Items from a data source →

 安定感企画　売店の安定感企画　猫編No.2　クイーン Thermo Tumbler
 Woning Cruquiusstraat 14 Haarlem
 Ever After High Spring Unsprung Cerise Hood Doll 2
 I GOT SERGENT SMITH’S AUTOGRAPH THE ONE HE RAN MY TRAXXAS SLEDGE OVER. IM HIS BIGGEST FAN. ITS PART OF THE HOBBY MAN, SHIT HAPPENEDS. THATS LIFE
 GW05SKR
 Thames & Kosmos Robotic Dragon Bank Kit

--

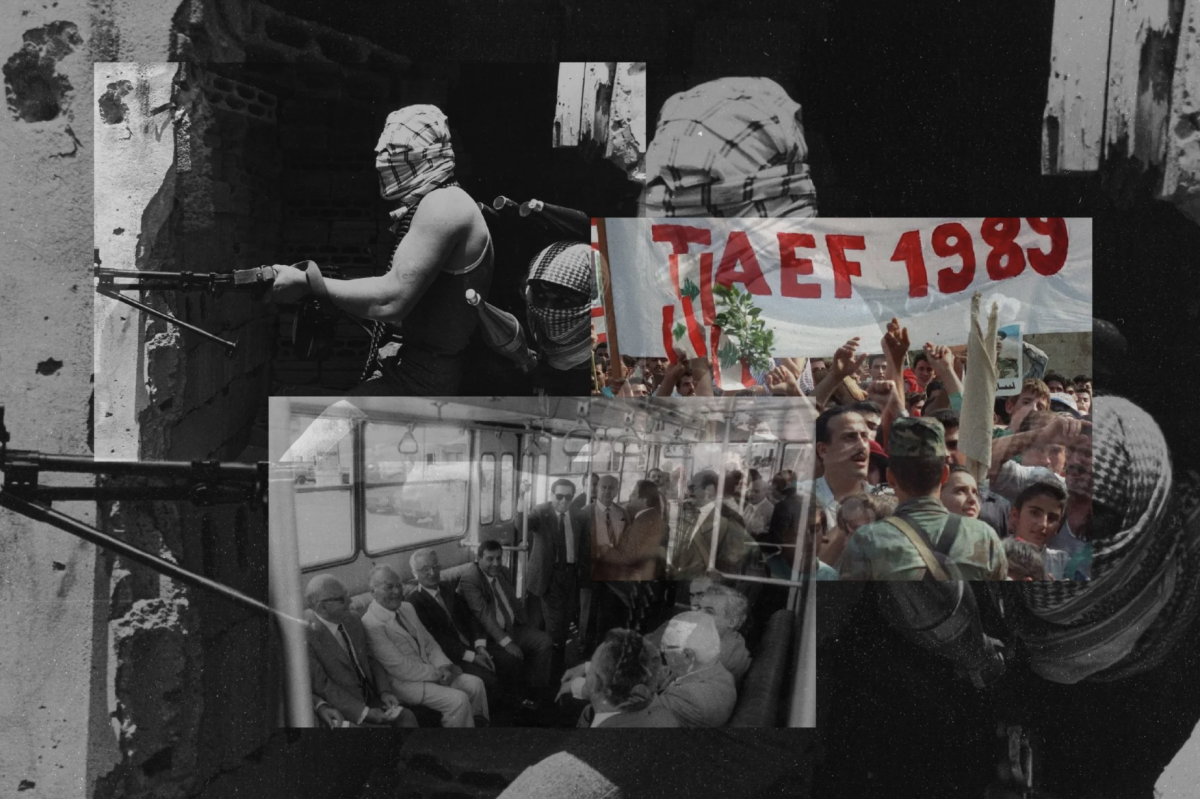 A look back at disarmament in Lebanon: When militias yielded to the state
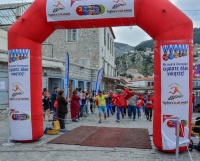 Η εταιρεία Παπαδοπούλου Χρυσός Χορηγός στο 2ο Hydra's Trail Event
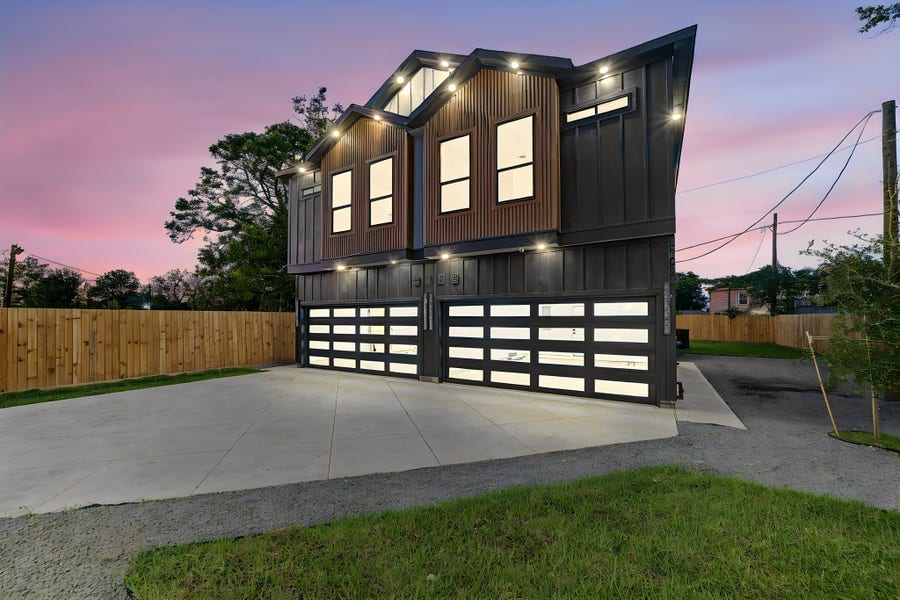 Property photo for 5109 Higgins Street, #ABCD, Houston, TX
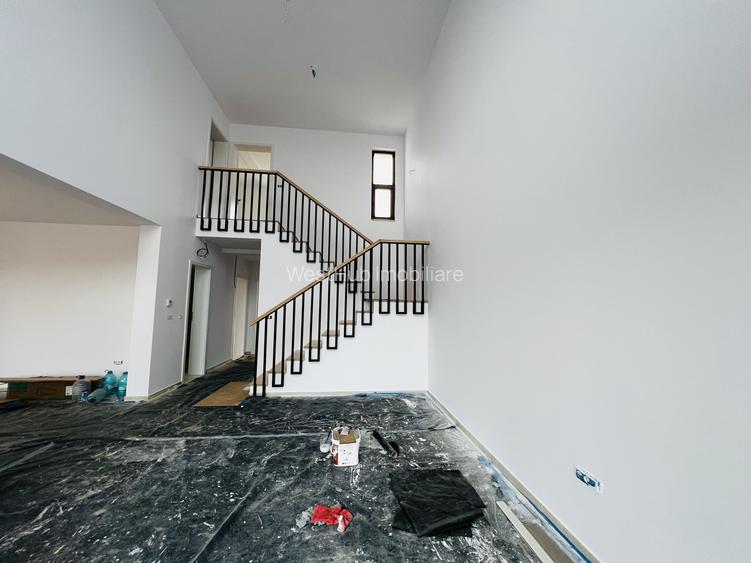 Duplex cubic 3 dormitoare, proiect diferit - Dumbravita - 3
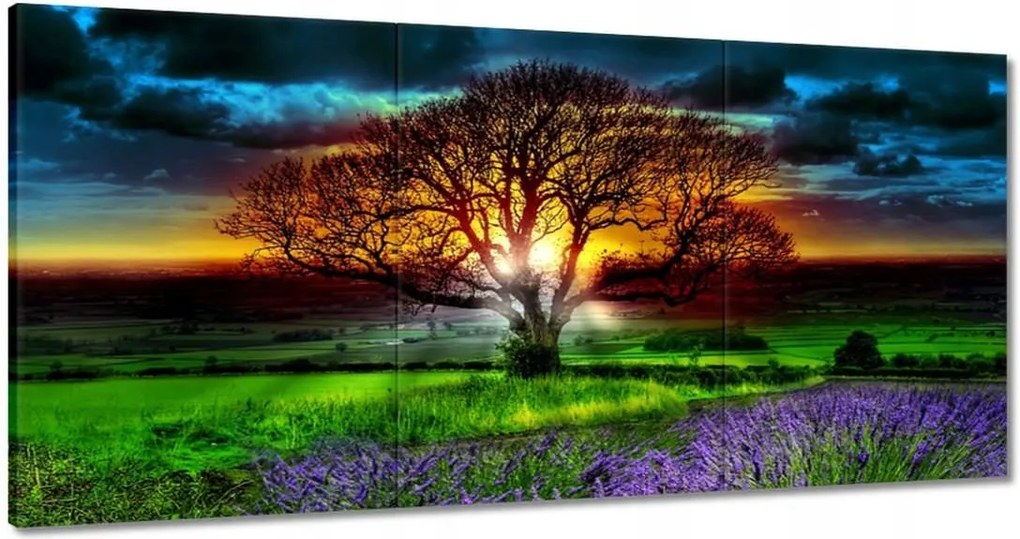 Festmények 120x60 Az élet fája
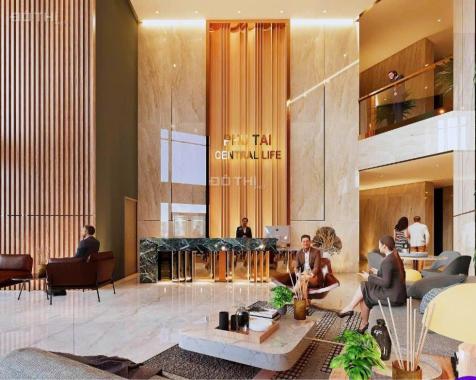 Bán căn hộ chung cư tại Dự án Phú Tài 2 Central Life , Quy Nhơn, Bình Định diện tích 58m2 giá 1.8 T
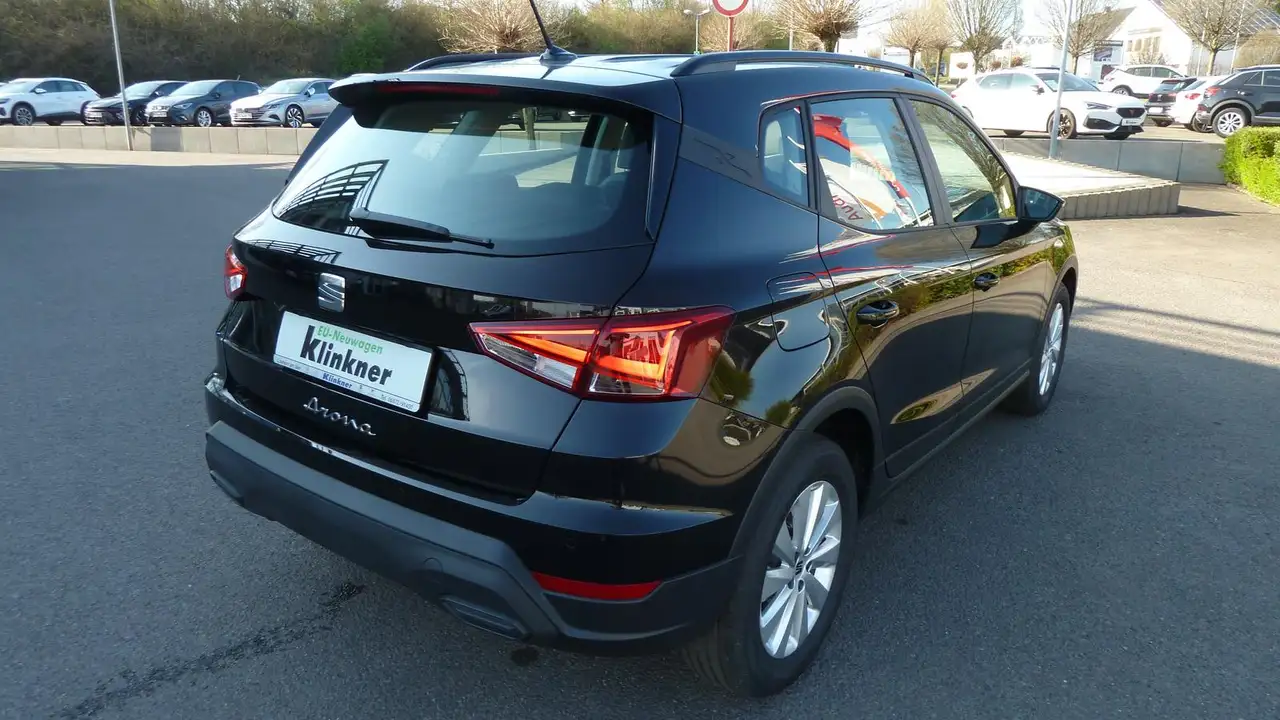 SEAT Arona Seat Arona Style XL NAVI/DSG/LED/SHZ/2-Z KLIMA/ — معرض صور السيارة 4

Work to complete → Repeat exactly the lines above, from the line that contains "Property photo for" down through the line that contains "SEAT Arona Seat". Include both of those lines and none of the pictures.

Finished task →
 Property photo for 5109 Higgins Street, #ABCD, Houston, TX
 Duplex cubic 3 dormitoare, proiect diferit - Dumbravita - 3
 Festmények 120x60 Az élet fája
 Bán căn hộ chung cư tại Dự án Phú Tài 2 Central Life , Quy Nhơn, Bình Định diện tích 58m2 giá 1.8 T
 SEAT Arona Seat Arona Style XL NAVI/DSG/LED/SHZ/2-Z KLIMA/ — معرض صور السيارة 4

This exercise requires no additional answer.